What the task asks: Using the listing below, please print exactly the lines from the one with "JUST CrossStitch Spcl" through the one with "Ауди А6 2013". Leave out every picture.

Data for review:
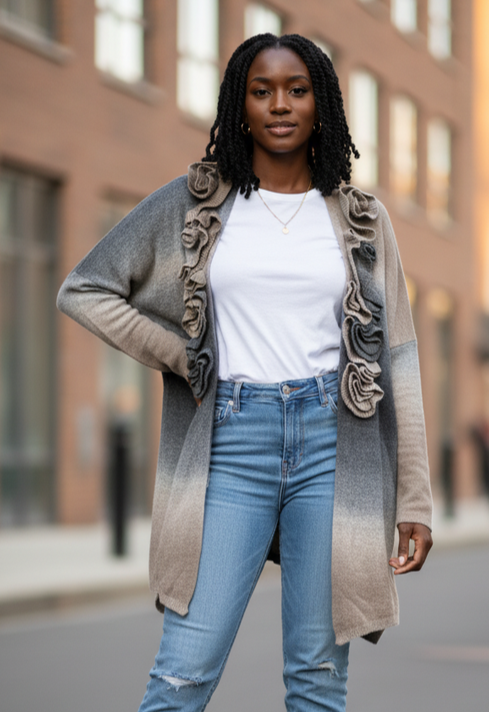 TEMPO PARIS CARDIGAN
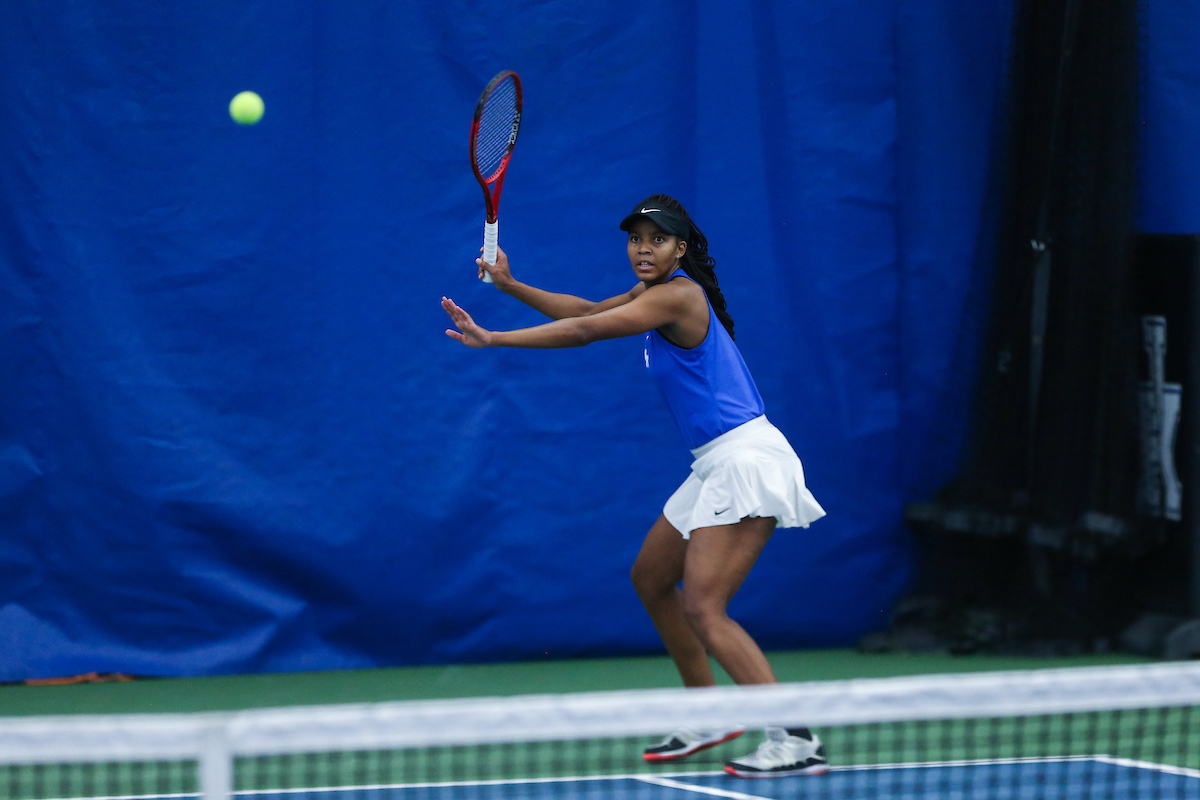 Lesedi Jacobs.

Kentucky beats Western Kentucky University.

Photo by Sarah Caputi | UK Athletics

==

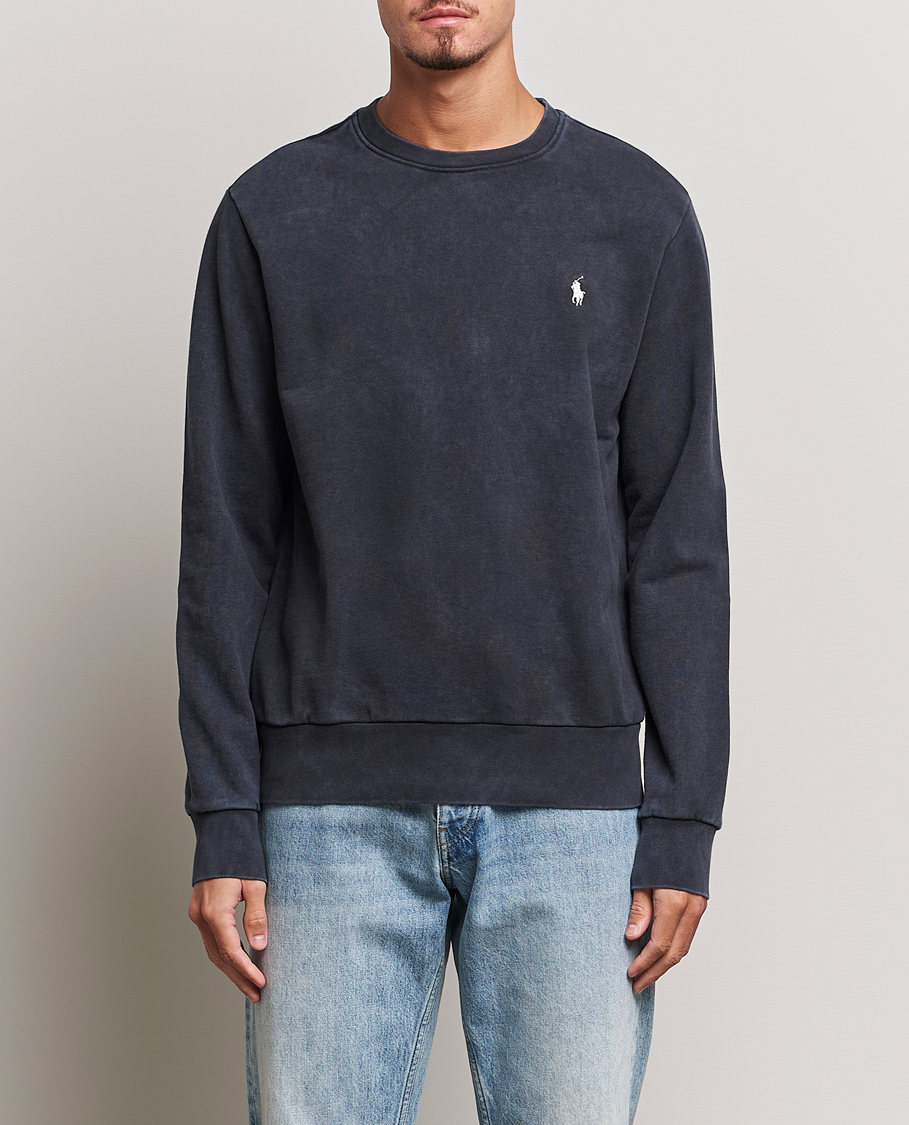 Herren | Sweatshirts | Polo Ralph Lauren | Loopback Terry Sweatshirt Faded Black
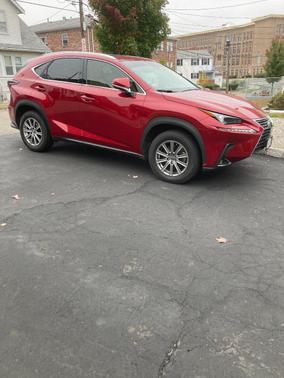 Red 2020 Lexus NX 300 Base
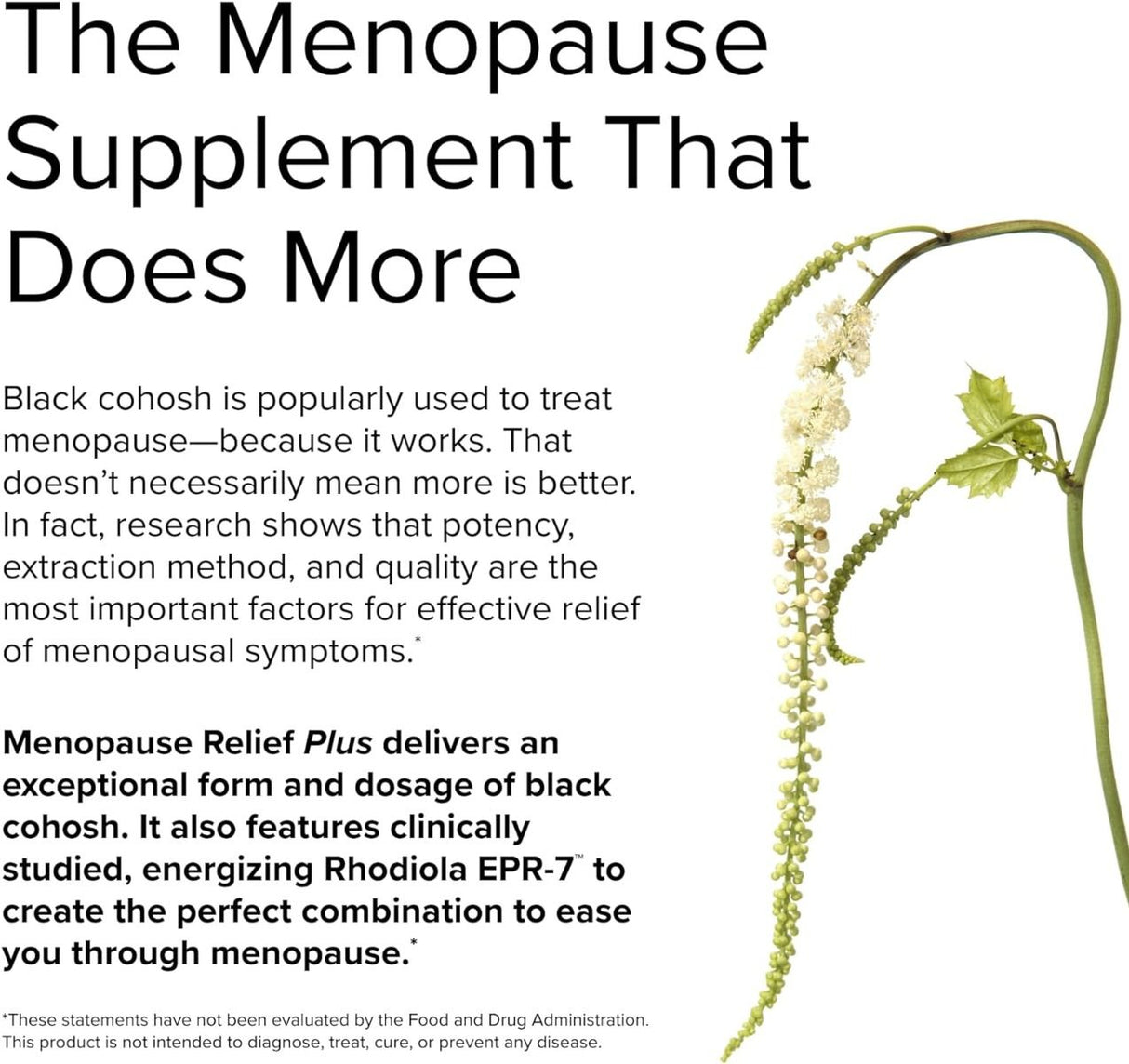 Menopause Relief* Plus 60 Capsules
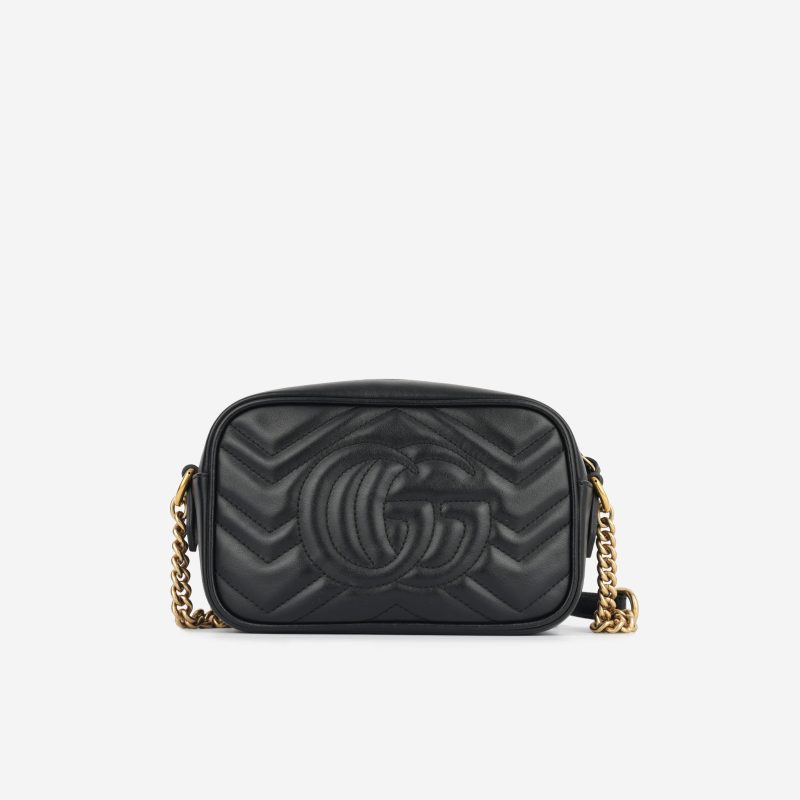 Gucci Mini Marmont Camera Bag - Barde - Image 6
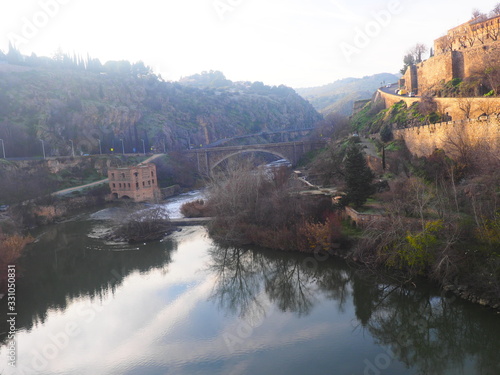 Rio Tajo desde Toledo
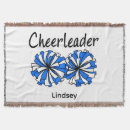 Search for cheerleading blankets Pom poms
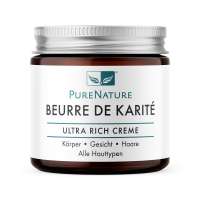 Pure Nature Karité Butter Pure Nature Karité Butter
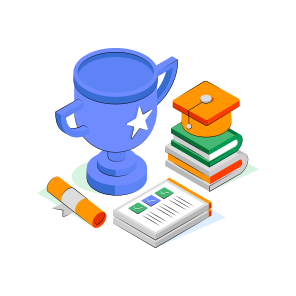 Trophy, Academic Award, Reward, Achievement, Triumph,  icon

...

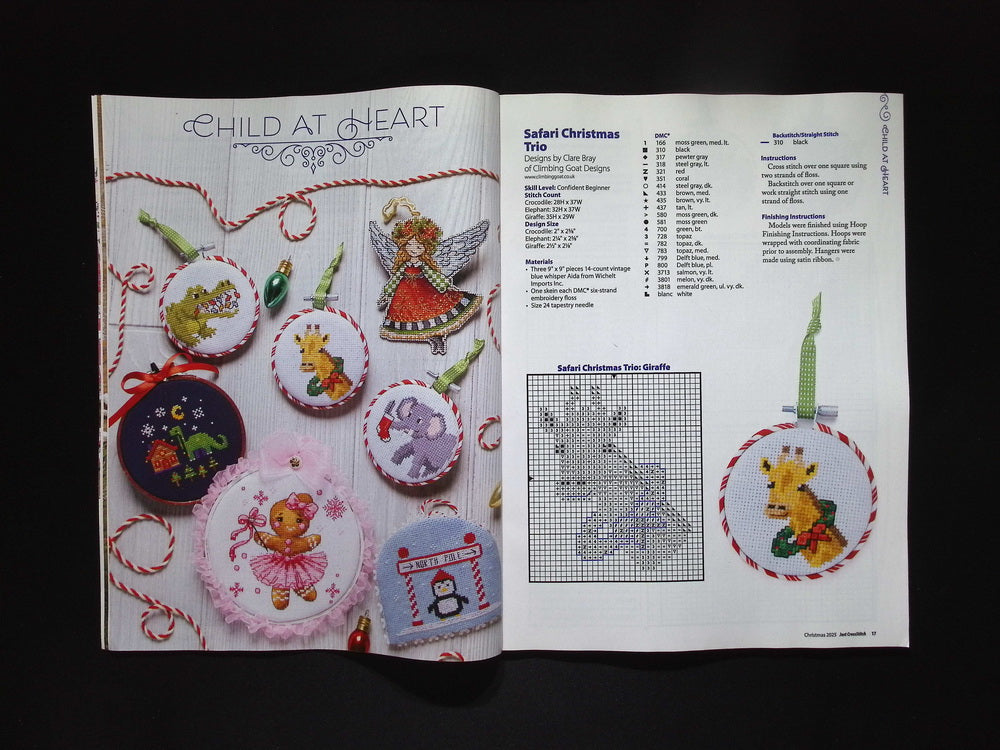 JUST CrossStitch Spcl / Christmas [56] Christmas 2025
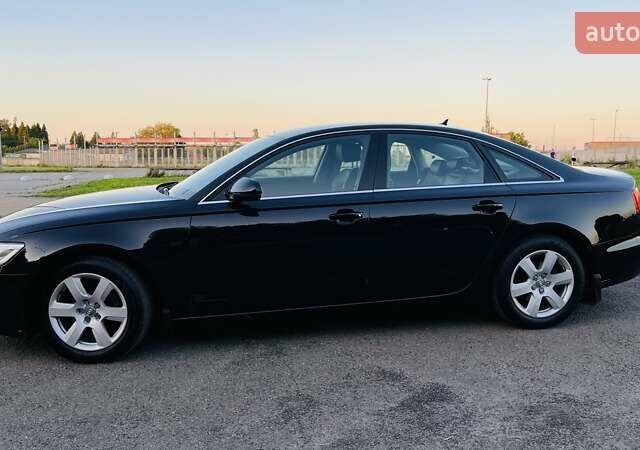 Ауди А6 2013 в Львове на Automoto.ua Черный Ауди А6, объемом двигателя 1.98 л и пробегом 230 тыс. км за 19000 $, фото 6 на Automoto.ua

Result below:
 JUST CrossStitch Spcl / Christmas [56] Christmas 2025
 Ауди А6 2013 в Львове на Automoto.ua Черный Ауди А6, объемом двигателя 1.98 л и пробегом 230 тыс. км за 19000 $, фото 6 на Automoto.ua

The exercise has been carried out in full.